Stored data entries
#####

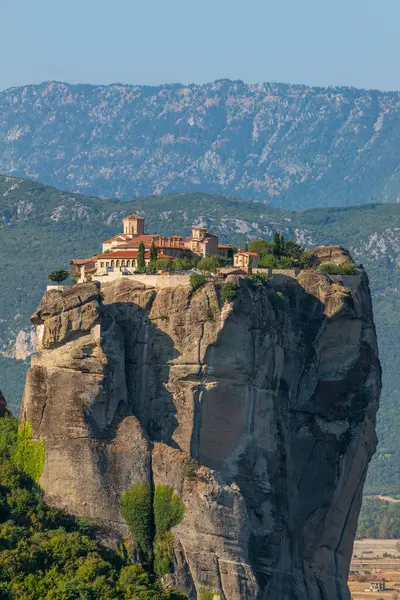 Yunanistan 'ın Meteora bölgesinde eşsiz kaya oluşumları üzerinde yer alan manastırlar gün doğumuyla aydınlanır.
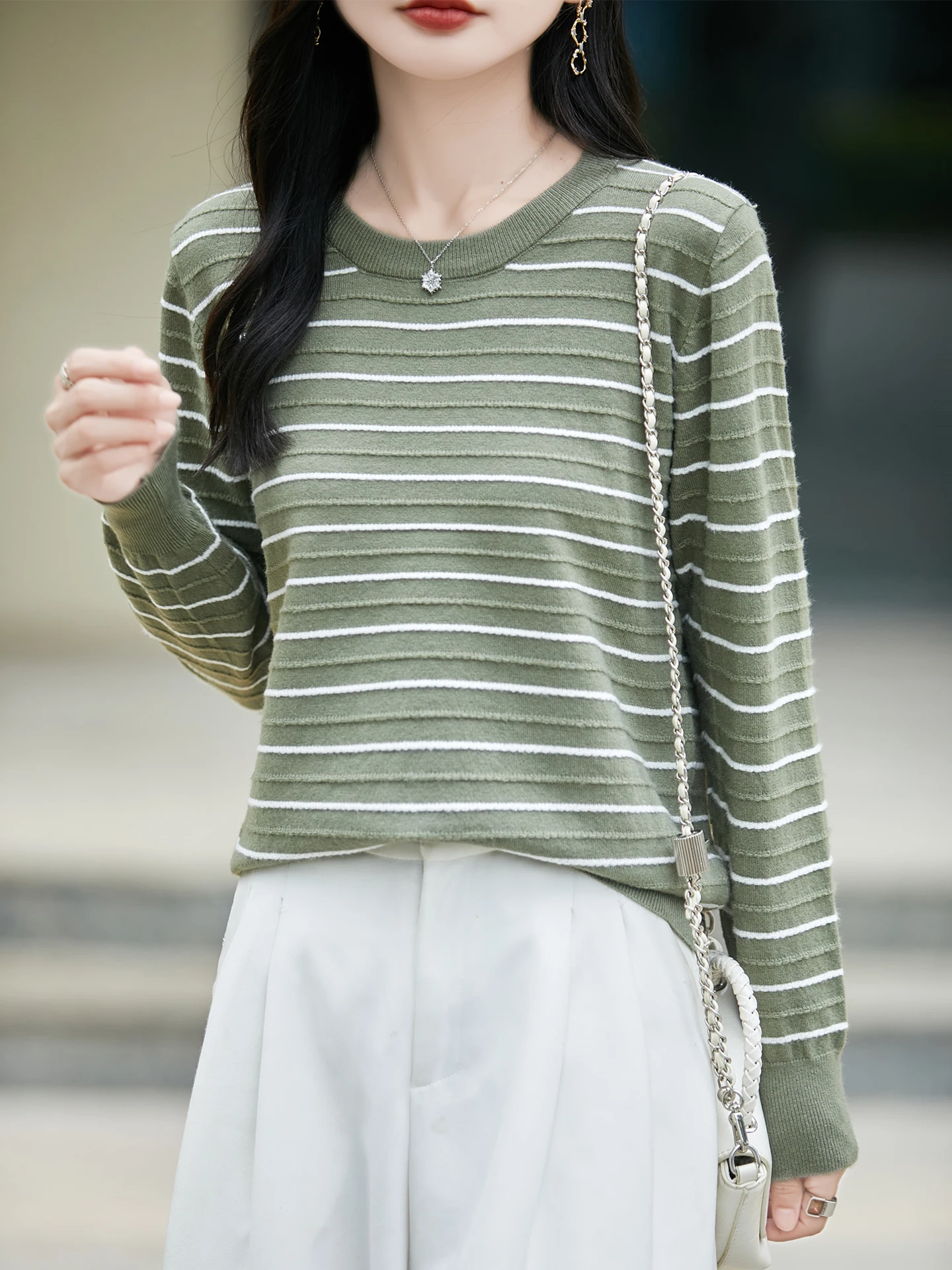 Elegant Woman Autumn Winter Sweater New Fashion Female Merino Wool Knitted Pullover Lady Long Sleeve Clothes Tops Striped Jumper
Elegant Woman Autumn Winter Sweater New Fashion Female Merino Wool Knitted Pullover Lady Long Sleeve Clothes Tops Striped Jumper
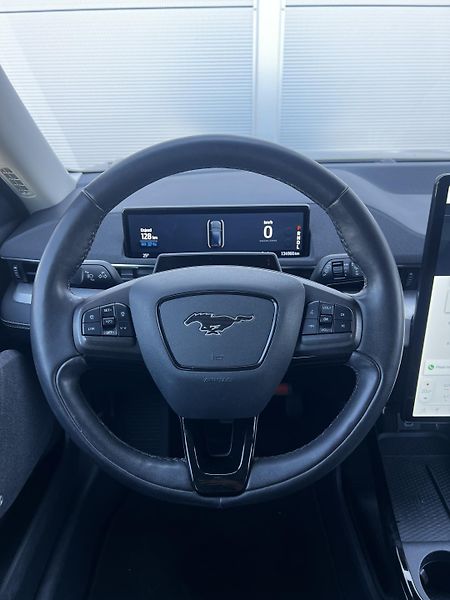 Ford Mustang Mach-E RWD 75kWh 190kW 1.Maj DPH - fotka 8 z 26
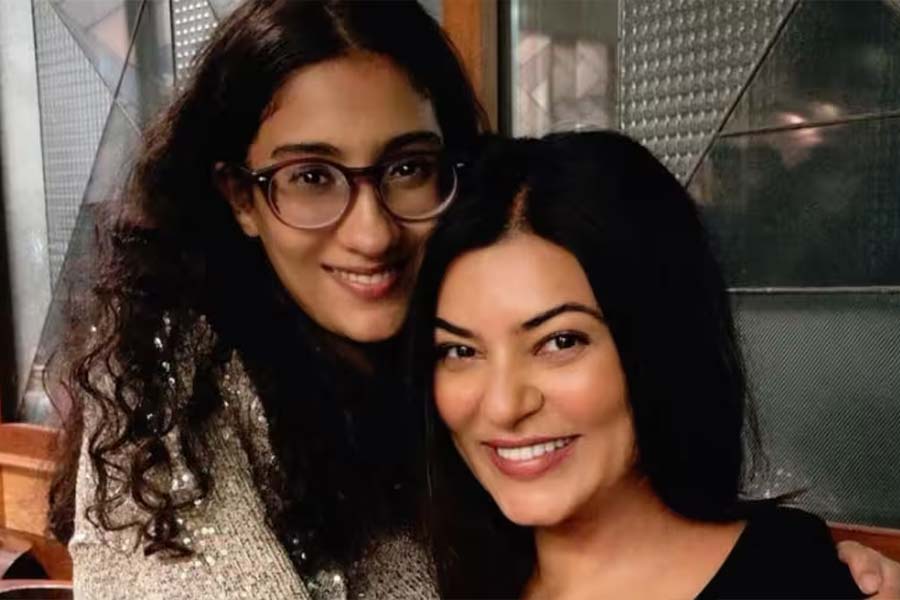 Sushmita Sen is a proud mom as daughter Renee lends voice for Taali song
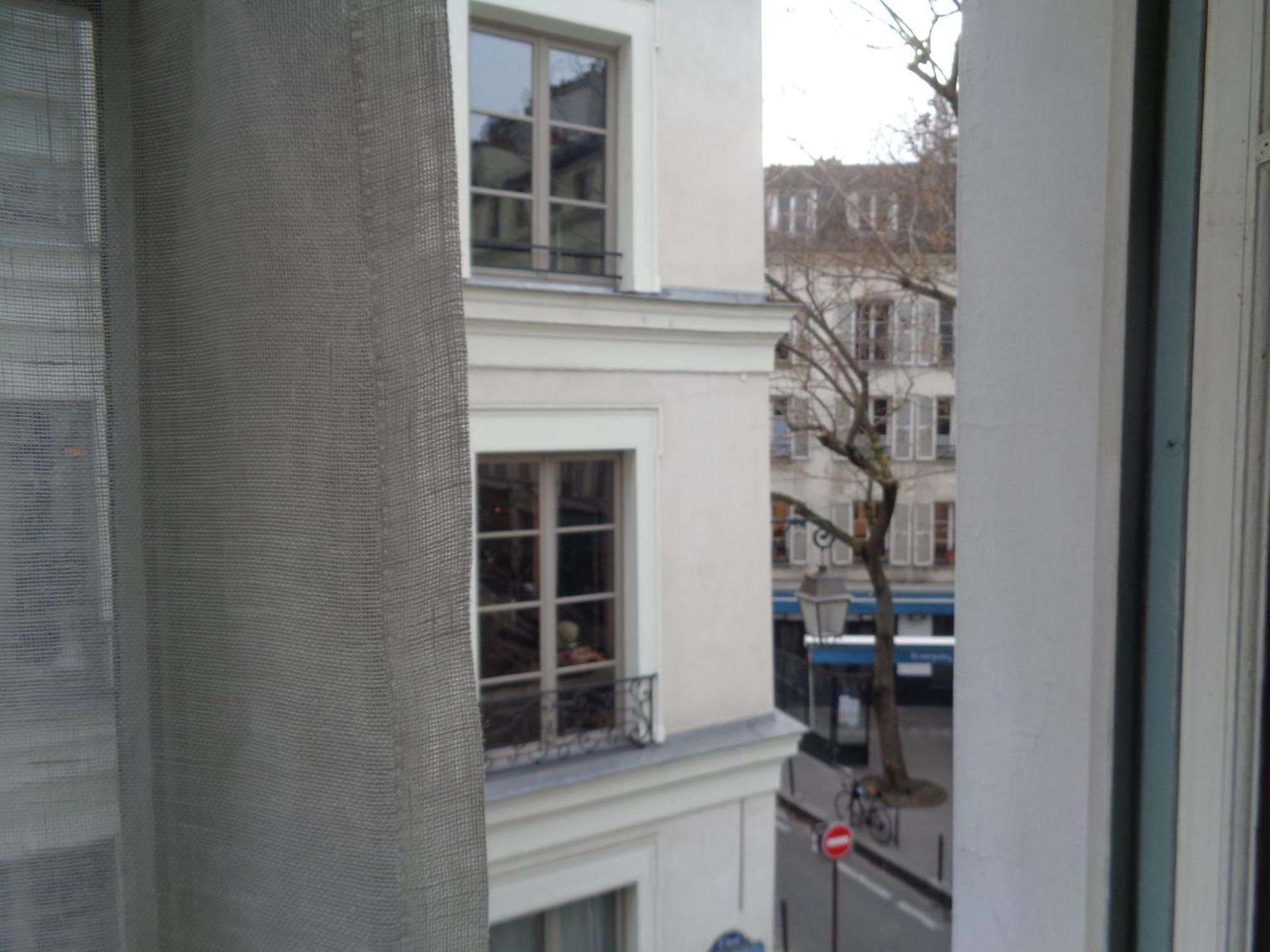 Hotel Les Degres De Notre Dame Paris Exteriör bild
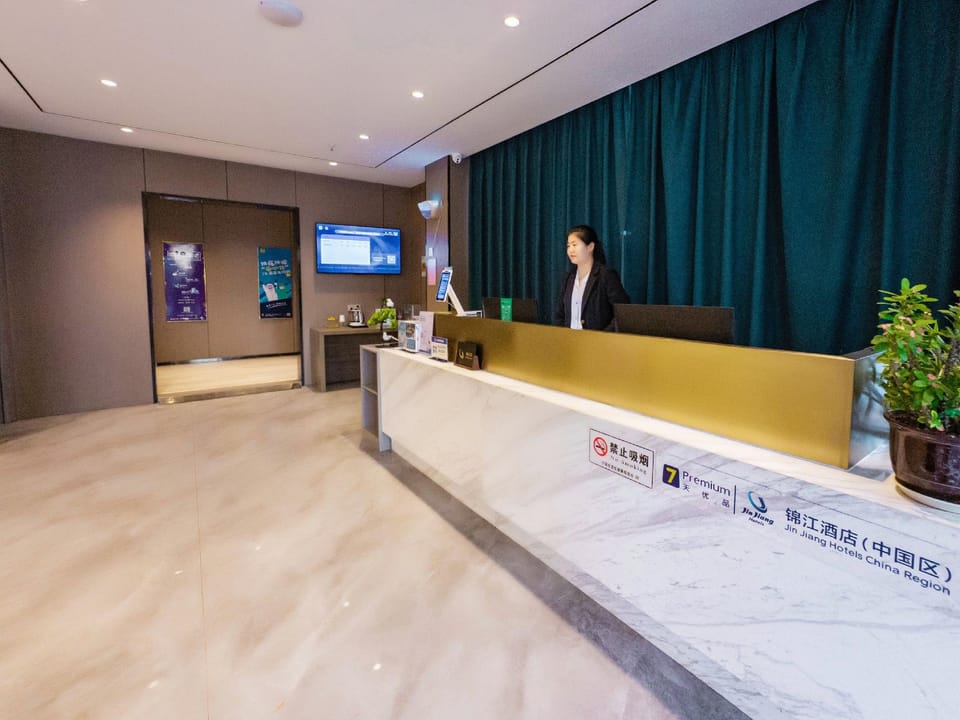 7 Days Premium (Xuancheng Ningguo Port, Anhui-Sichuan-Tibet Highway Store) Hotel in Zhejiang
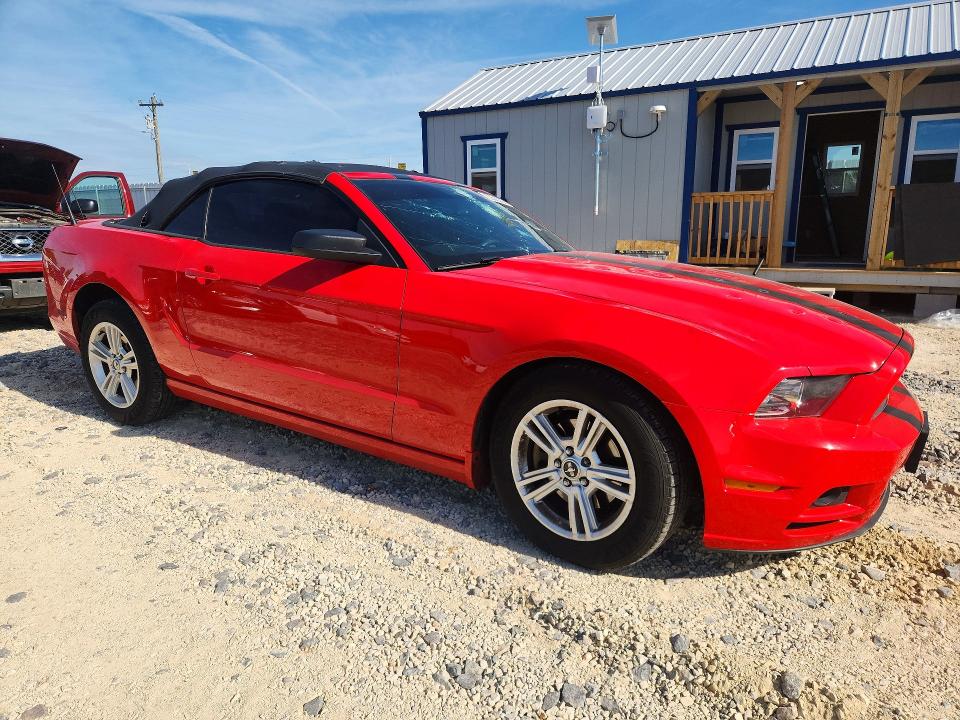 53543336 :رقم المزاد ، 1ZVBP8EMXE5211065 vin ، 2014 Ford Mustang مزاد بيع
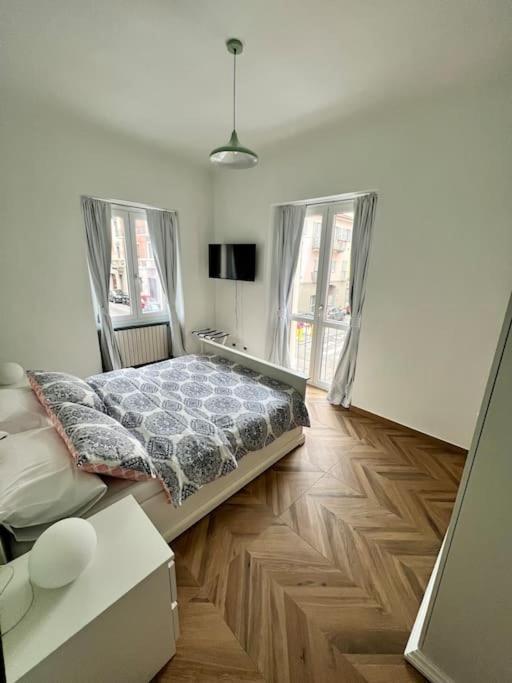 Casa Sassari - Vicino Porta Susa F.S. Turin Exterior foto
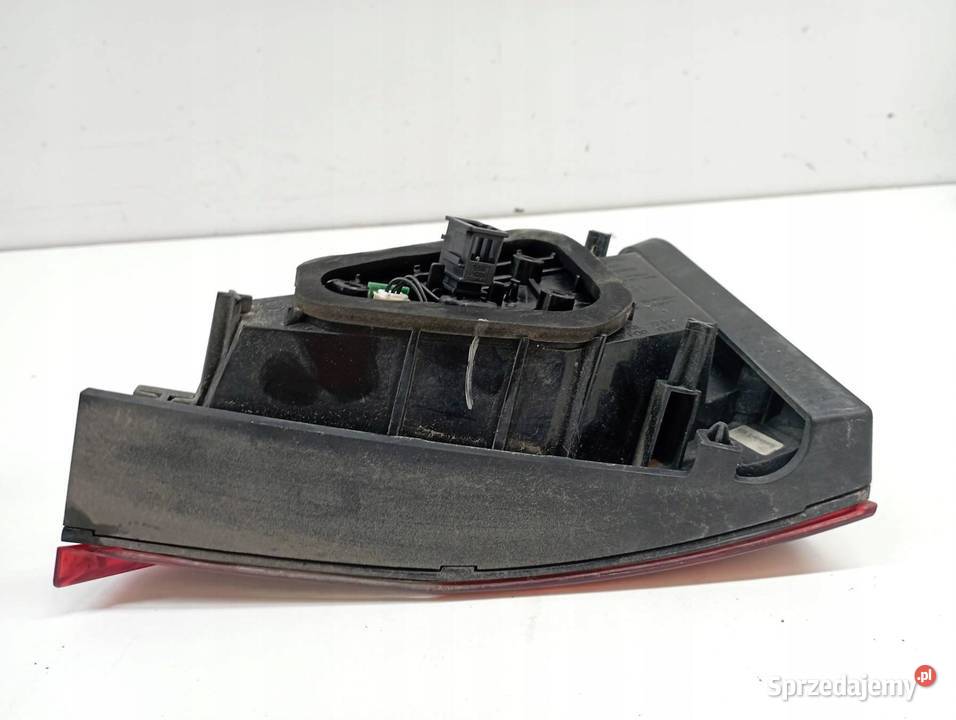 LAMPA TYŁ W KLAPĘ LEWA KOMBI Skoda Superb III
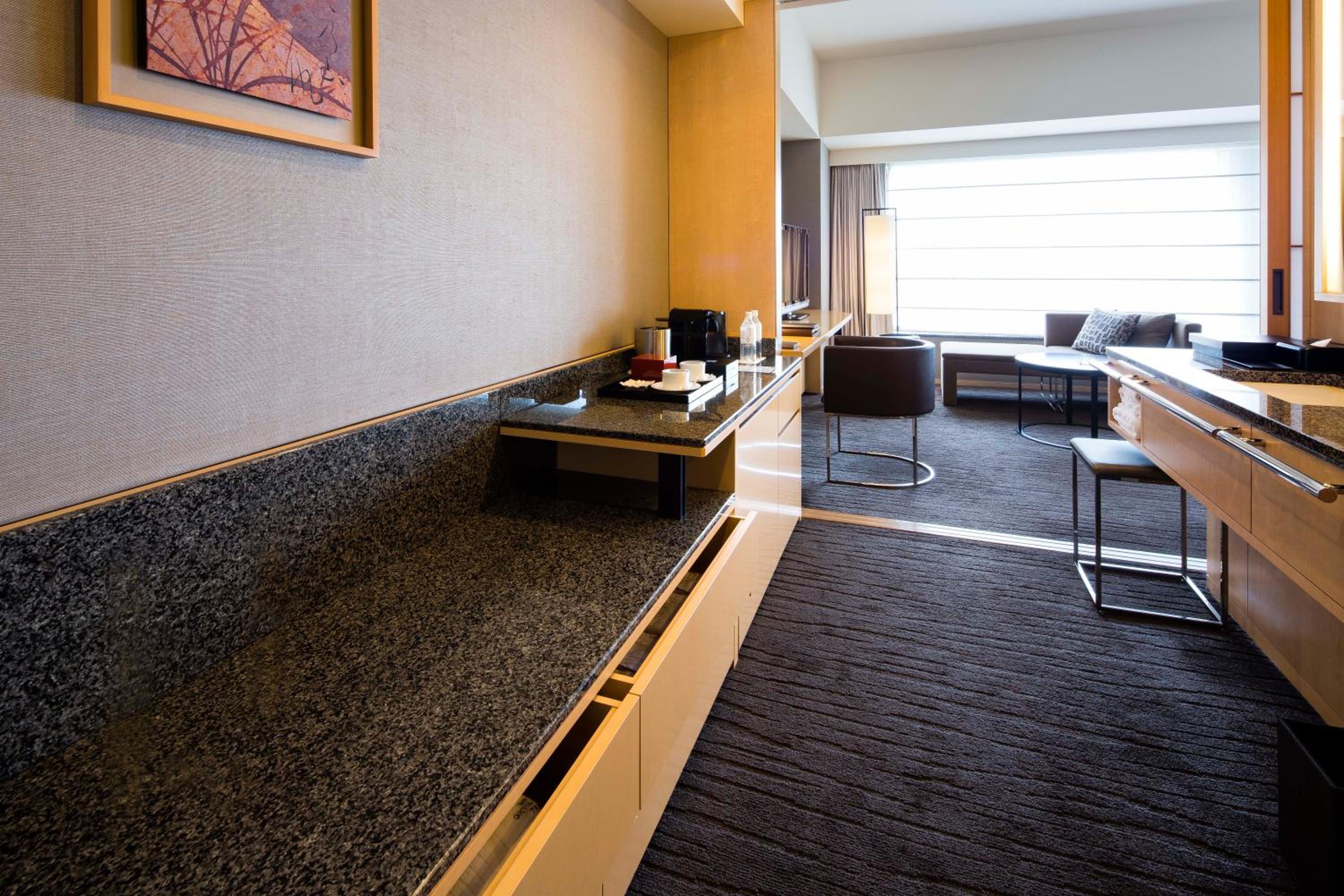 Club Deluxe King Room - Non-Smoking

#####

Directions for this task:
A word-for-word transcript of the entries above is needed, with pictures removed.

Completed task:
 Yunanistan 'ın Meteora bölgesinde eşsiz kaya oluşumları üzerinde yer alan manastırlar gün doğumuyla aydınlanır.
 Elegant Woman Autumn Winter Sweater New Fashion Female Merino Wool Knitted Pullover Lady Long Sleeve Clothes Tops Striped Jumper
Elegant Woman Autumn Winter Sweater New Fashion Female Merino Wool Knitted Pullover Lady Long Sleeve Clothes Tops Striped Jumper
 Ford Mustang Mach-E RWD 75kWh 190kW 1.Maj DPH - fotka 8 z 26
 Sushmita Sen is a proud mom as daughter Renee lends voice for Taali song
 Hotel Les Degres De Notre Dame Paris Exteriör bild
 7 Days Premium (Xuancheng Ningguo Port, Anhui-Sichuan-Tibet Highway Store) Hotel in Zhejiang
 53543336 :رقم المزاد ، 1ZVBP8EMXE5211065 vin ، 2014 Ford Mustang مزاد بيع
 Casa Sassari - Vicino Porta Susa F.S. Turin Exterior foto
 LAMPA TYŁ W KLAPĘ LEWA KOMBI Skoda Superb III
 Club Deluxe King Room - Non-Smoking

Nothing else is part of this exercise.